Meet the librarians and community members who are fighting to keep library materials on the shelves in West Bend, Wis. at this year’s American Library Association (ALA) Annual Conference in Chicago.
A special panel sponsored by the ALA Office for Intellectual Freedom (OIF), Intellectual Freedom Committee and Freedom to Read Foundation will feature West Bend Community Library Director Michael Tyree, Young Adult Librarian Kristin Pekoll, library board President Barbara Deters, former library board Member Mary Reilly-Kliss and community organizer Maria Hanrahan.
The panel, part of the IFC Issues Briefing, will take place at 8 a.m. on Monday, July 13, in Room W194a in McCormick Place West.
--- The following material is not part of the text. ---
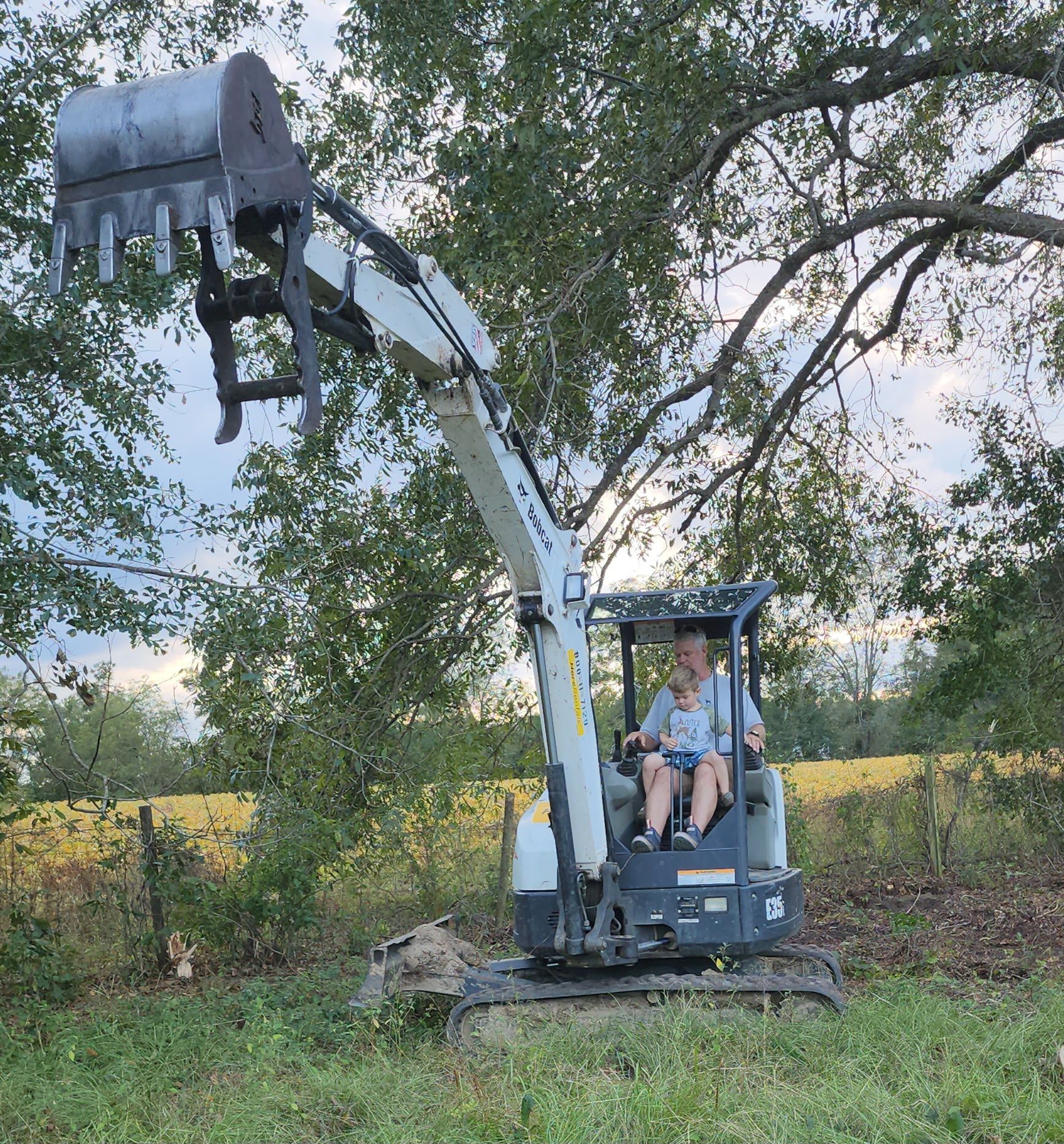 A person operates a small excavator with a grapple attachment outdoors. The machine is white and gray, and the setting is grassy with trees.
The panelists will share their unique experience and insights gained in addressing multiple challenges to young adult and GLBT materials in the West Bend Community Memorial Library, including a demand to publicly burn Francesca Lia Block's YA novel, "Baby Be-Bop."
The controversy arose in February, 2009, when a West Bend couple filed a request to reconsider books included in the library's "Out of the Closet" bibliography aimed at youth interested in GLBT issues, as well as books deemed “sexually explicit.” Over the following weeks and months, the couple helped to form a citizens’ group, West Bend Citizens for Safe Libraries, and circulated a petition asking the library to move particular young adult books to the adult section, label certain material as objectionable and restrict access to categories of online content.
A second citizens’ group, West Bend Parents For Free Speech, was formed to oppose the requested restrictions and to support the library’s existing policies. A third organization, the Christian Civil Liberties Union, eventually filed a widely-reported claim with the City of West Bend that asserted that the library had injured its members by placing the YA novel, "Baby Be-Bop" in the library's collection. The group asked for monetary damages and demanded that "Baby Be-Bop" be publicly burned "as a deterrent to repeating this offensive conduct."
In June 2009, the West Bend Library Board voted unanimously to retain the books in its YA Zone, “without removing, relocating, labeling or otherwise restricting access.” The five panelists, all librarians, trustees and community members directly involved with the challenges, will discuss their experiences and their plans to continue the ongoing work of maintaining unrestricted access to information for everyone in their community.